In Theory: Is this how OnLive works?
Digital Foundry ponders the technology behind the big splash cloud gaming company
A Big Splash
After its sensational - and controversial - debut at GDC last year, little has been heard publicly about the OnLive cloud gaming system. During the summer, the firm kicked off its promised beta sign-up phase, but in a world where footage is leaked from betas within hours of their debut, the lack of any tangible feedback on the system from testers was telling. Was OnLive still on schedule? In the run-up to Christmas, momentum picked up: many confirmed OnLive beta testers finally broke cover and a mammoth 48-minute presentation from company front man Steve Perlman was released.
In a small, intimate venue, the Columbia University alumnus, equipped with the OnLive browser plug-in and microconsole, presented what amounted to a more informal re-run of the original GDC presentation - mostly the same tech, showcasing the same games. More details emerged about the make-up of the system, and Perlman produced a mouth-watering presentation of Crysis running via OnLive on the iPhone. The core issues many commentators took issue with (latency and video compression) were also covered, albeit in an extremely vague manner.
So, the big questions remain: in particular, just how does OnLive compress video? Perlman suggests that OnLive has created a new video compressor divorced from the conventions of normal video encoding: the so-called group of pictures (GOP). GOP is all about retaining and re-using as much video information as possible to reconstruct the current frame. Picture elements can be brought from past and future frames to ensure the highest-possible compression. But OnLive has a problem. Taking elements from future frames would require buffering them and thus introducing lag, which would sit on top of the time taken to beam information across the internet as well as the inherent latency in the game itself.
The Mystery Tech
Perlman says that OnLive doesn't use GOP, and uses a proprietary compression system. Jason Garrett-Glaser, one of the key developers of the x264 open source h264 encoding system used industry-wide and thus extremely well-connected, claims otherwise.

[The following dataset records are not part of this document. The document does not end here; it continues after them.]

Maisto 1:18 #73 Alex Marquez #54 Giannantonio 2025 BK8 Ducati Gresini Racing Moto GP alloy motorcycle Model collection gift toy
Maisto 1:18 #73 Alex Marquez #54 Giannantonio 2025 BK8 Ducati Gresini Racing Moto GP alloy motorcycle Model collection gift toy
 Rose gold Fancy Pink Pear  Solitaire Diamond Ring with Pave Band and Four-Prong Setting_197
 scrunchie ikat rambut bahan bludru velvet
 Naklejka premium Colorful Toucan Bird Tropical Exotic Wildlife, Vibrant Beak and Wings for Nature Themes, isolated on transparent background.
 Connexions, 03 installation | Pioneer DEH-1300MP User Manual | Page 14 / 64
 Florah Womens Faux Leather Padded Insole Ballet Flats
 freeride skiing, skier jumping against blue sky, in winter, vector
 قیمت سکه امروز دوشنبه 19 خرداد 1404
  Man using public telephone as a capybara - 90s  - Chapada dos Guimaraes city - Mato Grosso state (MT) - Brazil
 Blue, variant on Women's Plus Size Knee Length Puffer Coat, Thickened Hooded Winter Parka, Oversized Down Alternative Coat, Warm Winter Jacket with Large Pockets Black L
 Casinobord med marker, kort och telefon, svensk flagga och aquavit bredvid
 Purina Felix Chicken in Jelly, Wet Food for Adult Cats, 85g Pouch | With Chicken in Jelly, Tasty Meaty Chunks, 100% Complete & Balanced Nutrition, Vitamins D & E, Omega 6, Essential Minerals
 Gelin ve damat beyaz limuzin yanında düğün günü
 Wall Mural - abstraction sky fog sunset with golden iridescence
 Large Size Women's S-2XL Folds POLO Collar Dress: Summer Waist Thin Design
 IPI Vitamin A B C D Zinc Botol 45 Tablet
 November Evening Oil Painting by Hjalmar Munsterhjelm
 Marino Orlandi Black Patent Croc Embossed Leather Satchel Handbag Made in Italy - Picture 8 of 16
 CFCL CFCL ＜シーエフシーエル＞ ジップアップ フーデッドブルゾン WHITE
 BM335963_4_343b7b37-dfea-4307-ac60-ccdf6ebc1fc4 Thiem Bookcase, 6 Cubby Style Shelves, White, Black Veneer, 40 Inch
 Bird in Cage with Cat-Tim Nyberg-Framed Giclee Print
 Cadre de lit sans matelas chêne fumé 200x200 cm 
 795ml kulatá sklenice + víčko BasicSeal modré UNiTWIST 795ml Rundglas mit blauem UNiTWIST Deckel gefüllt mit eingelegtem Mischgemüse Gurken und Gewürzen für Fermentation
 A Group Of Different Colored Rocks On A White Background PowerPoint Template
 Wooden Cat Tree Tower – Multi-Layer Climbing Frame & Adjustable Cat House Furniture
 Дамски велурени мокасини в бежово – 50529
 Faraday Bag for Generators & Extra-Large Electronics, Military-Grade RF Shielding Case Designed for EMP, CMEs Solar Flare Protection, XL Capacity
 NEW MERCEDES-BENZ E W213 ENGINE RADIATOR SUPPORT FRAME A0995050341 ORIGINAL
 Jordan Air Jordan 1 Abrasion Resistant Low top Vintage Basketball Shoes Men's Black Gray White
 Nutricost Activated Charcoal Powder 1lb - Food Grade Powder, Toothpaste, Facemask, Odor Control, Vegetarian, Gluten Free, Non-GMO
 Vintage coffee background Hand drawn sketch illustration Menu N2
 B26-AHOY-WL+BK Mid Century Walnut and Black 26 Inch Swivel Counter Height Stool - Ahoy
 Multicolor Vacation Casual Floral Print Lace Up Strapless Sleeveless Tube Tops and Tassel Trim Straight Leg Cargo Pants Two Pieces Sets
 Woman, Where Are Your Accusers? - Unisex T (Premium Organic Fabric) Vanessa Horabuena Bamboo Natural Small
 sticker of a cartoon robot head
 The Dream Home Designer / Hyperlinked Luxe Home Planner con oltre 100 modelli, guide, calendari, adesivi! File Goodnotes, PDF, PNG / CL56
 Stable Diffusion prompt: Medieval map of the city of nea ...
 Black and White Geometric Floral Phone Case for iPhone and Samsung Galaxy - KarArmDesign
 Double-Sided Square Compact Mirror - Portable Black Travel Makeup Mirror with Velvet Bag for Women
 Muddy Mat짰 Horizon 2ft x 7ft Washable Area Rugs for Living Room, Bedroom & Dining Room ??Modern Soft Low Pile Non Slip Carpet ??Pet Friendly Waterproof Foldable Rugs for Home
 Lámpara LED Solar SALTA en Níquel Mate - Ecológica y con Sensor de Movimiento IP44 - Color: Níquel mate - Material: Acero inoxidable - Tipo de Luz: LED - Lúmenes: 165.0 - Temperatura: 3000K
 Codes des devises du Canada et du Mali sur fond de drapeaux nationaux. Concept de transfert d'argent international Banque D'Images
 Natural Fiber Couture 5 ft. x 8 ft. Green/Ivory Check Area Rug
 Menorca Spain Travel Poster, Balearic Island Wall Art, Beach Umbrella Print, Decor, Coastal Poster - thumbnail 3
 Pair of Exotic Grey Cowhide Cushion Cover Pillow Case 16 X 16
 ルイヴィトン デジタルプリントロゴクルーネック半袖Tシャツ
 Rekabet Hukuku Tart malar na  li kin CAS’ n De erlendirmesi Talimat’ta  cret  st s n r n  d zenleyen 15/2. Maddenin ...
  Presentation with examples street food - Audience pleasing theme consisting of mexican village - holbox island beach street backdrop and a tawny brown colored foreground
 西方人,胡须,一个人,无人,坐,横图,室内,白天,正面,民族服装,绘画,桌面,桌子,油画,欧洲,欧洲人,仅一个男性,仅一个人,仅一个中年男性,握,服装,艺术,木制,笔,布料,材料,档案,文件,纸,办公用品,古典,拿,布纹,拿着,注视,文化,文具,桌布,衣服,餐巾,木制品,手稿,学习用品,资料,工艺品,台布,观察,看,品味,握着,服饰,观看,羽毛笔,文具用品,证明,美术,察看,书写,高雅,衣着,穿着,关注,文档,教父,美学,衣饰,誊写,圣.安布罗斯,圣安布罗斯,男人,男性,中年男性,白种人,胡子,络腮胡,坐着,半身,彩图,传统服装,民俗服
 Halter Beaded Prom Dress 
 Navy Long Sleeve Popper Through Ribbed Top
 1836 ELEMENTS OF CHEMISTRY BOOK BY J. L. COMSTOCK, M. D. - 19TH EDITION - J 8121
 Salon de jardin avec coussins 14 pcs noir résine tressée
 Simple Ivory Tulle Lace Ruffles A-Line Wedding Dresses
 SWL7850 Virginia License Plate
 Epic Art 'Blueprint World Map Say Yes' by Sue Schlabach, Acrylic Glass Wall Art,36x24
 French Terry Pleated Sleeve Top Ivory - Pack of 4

"As far as I know, OnLive is just using h264, so this doesn't really go in the 'new and alternative' category," he wrote on the Doom9 forum under his online alias, Dark Shikari. "Their 'new idea' is splitting the stream into 16 rectangular slices, each of which gets its own encoder. This brilliant idea massively reduces compression on the edges between slices when the scene is in motion and lets them brag about latency 16 times lower than what they actually have."
The process of cutting the picture into pieces and parallelising the encoding of the whole image is actually supported in the h264 spec. For many-threaded decoders such as that within the PS3, the use of slices makes for far faster playback of challenging content (for example the WipEout HD 1080p60 videos). However, Garrett-Glaser suggests that OnLive is physically cutting the screen into 16 pieces and sending them to 16 different independent encoders.
"With slices, each slice can reference data anywhere in the previous frame," says Garrett-Glaser. "This means that if something moves from slice A to slice B, there's no problem: slice A can point to it with a motion vector just as if it didn't cross the edge. But OnLive isn't using slices: they're encoding the video as a bunch of separate streams. These streams are completely separate, and so each stream cannot reference data from the other streams. So, if something crosses the edge of a slice, it cannot be referenced properly! This effect is normally rather small, as it only affects the edges of the frame, but with OnLive's method, it affects about eight times the number of macroblocks as it otherwise would, because it affects those on both sides of each slice boundary as opposed to merely the frame edges."